Work instruction
Exact reproduction required: the lines below from the line with "Burn Care for" to the line with "空星体育阐发二东说念主分手后", both ends included, and no others.

Information

+ + + + +

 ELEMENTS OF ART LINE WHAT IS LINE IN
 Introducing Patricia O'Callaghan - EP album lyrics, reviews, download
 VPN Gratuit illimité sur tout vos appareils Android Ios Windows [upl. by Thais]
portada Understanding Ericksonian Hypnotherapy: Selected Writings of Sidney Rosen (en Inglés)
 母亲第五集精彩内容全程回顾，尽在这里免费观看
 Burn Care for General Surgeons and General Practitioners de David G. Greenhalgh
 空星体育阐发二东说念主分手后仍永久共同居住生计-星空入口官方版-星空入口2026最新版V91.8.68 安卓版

+ + + + +

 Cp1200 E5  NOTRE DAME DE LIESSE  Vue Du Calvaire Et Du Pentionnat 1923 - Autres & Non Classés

+ + + + +

Response area
 Burn Care for General Surgeons and General Practitioners de David G. Greenhalgh
 空星体育阐发二东说念主分手后仍永久共同居住生计-星空入口官方版-星空入口2026最新版V91.8.68 安卓版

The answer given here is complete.